When I was contracting (pre-Obamacare), I joined my local Chamber of Commerce and that made me eligible for their group plan with the local BCBS (family plan). Started with a PPO. Eventually downgraded to an HMO due to costs.


When I was in NYC I joined the Freelancer's Union which provided health insurance. That was a few years ago, but it was quite helpful.


Obamacare/BCBS is working great for us.


Ask HN: What is the best subject to invite trolls rather than subject matter experts into the conversation?


I pay $228/month for a personal silver plan down here in NC through the marketplace.


I went to a health insurance broker who helped find the best plan for IRS section 105.


live in canada.


Seriously, as a Dutch/American dual citize I'm debating moving back to the NL simply for this reason. From what I can tell I would pay close to a quarter in NL for better insurance than in the USA. The US is a complete ripoff.

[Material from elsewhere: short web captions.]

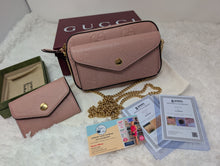 GUCCI PINK MINI CROSSBODY & GUCCI PINK MATCHING CARD CASE, BRAND NEW WITH DUST BAGS & BOXES
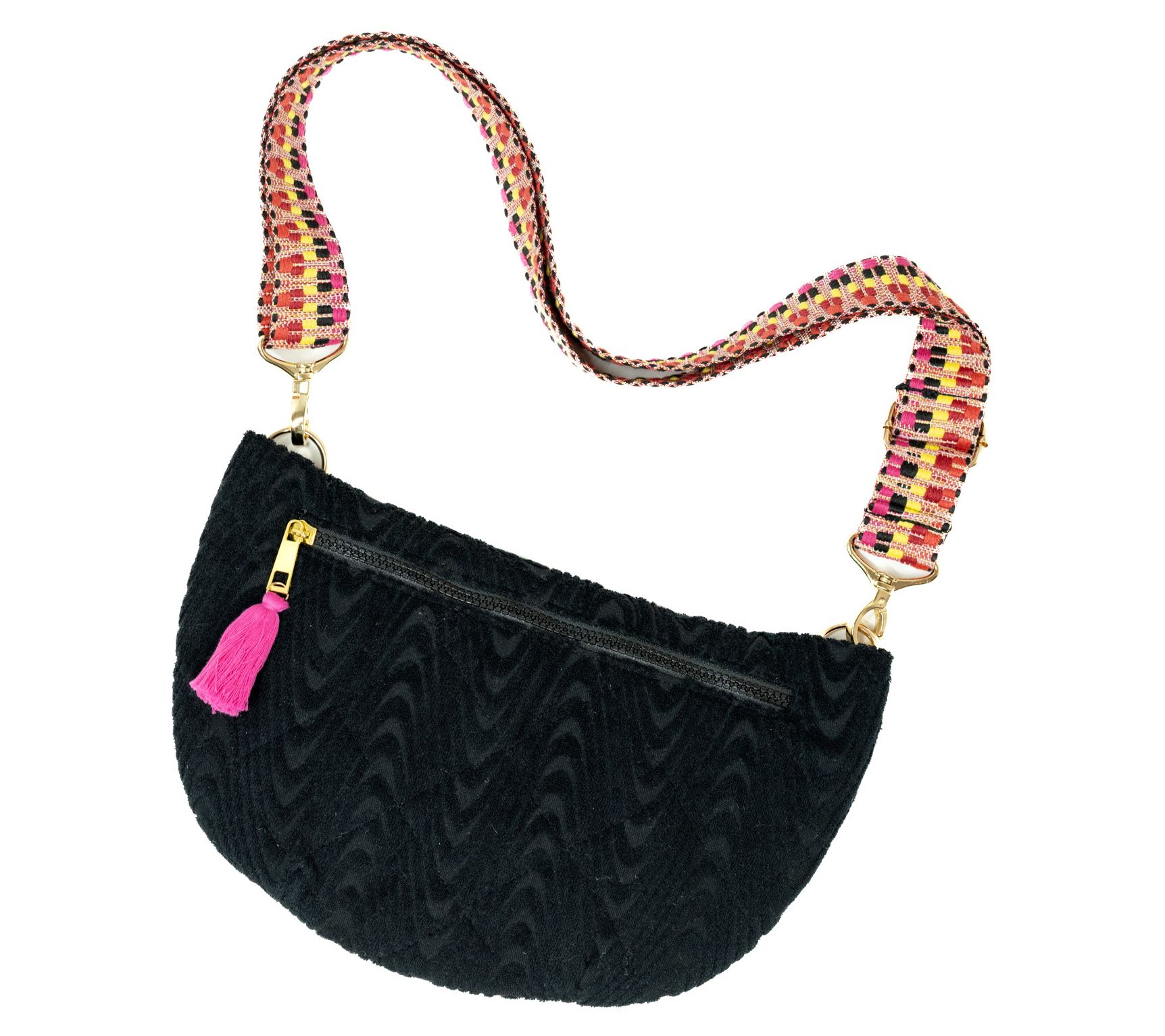 Sprigs Textured Terrycloth Handbag w/AdjustablePrinted Strap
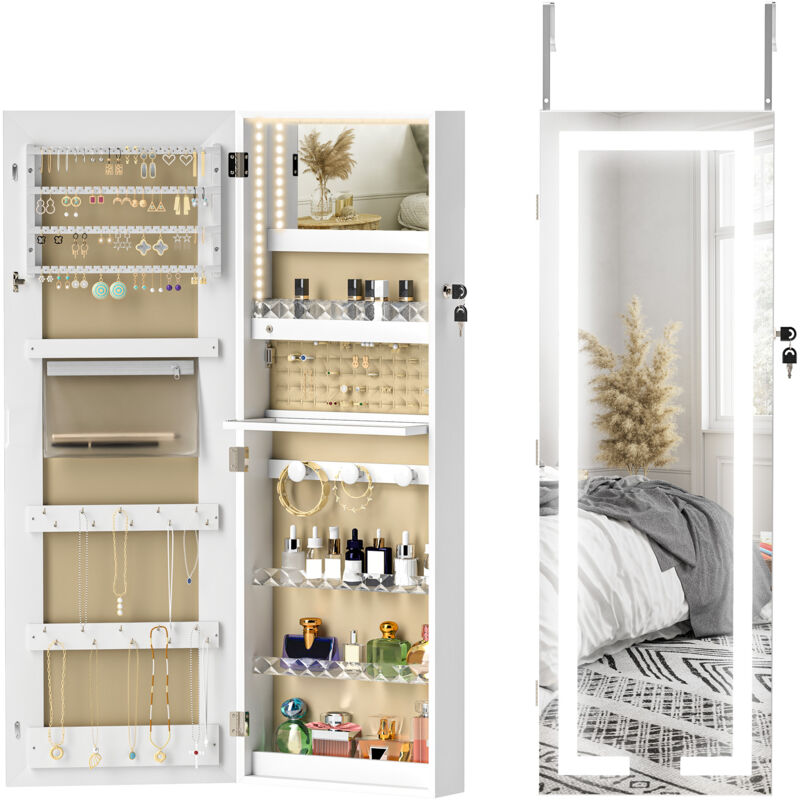 Armoire à bijoux - HOMCOM - mural/de porte - verrouillable - avec LED miroir divers compartiments - blanc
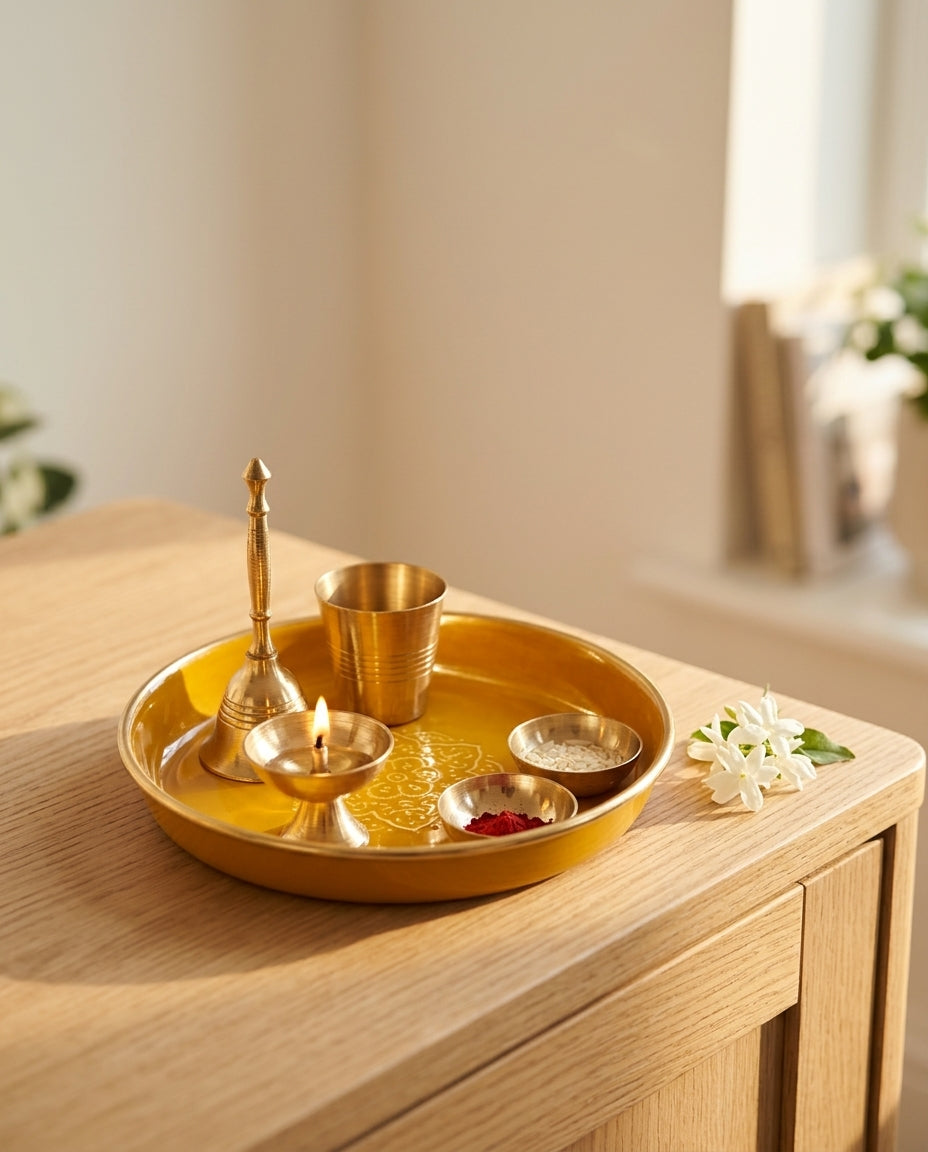 Yellow Mandala Puja Thali Set in Enamel &amp; Brass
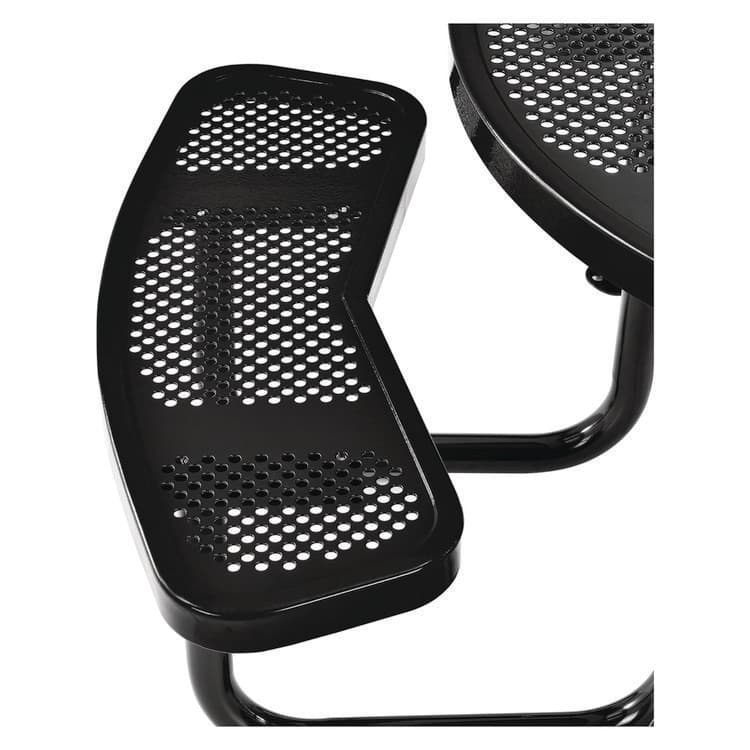 GLOBAL INDUSTRIAL Perforated Steel Picnic Table, Round, 46" Dia x 29.5"h, Black Top, Black Base/Legs (GBE262078BK) thumbnail 4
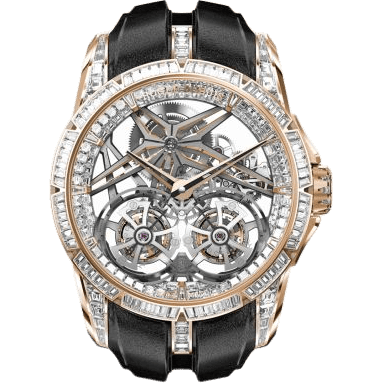 Excalibur Double Flying Tourbillon Rose Gold / Grey / Diamond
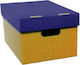 Next Cardboard Filing Box with Lid Blue A4 23x32x18cm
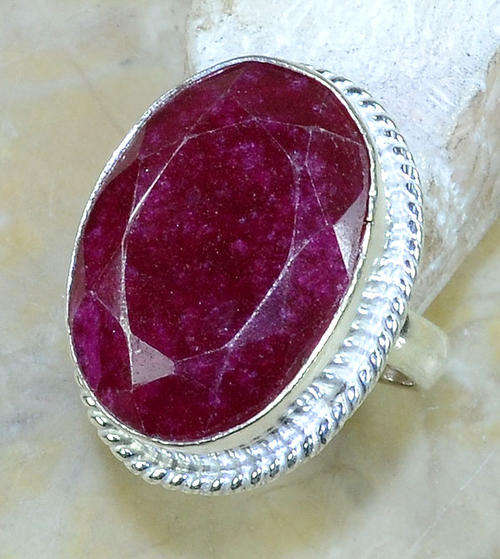 100% NATURAL EARTH MINED FACETED RUBY PRECIOUS GEMSTONE 925 SILVER RING #9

If I weren't married to a teacher who has great health benefits, I'd probably have moved out of the country to get away from the ACA into a single payer system.


Self employed health insurance in New York is ludicrously expensive, or at least it was prior to Obamacare. I've been on my wife's employer's plan but before that, I used Freelancer's Union which is NY only. I'm a big fan of their organization and everything they offer. The health insurance itself is a group plan and more or less provides what an employer's plan would. They also offer other types of benefits you'd expect from an employer.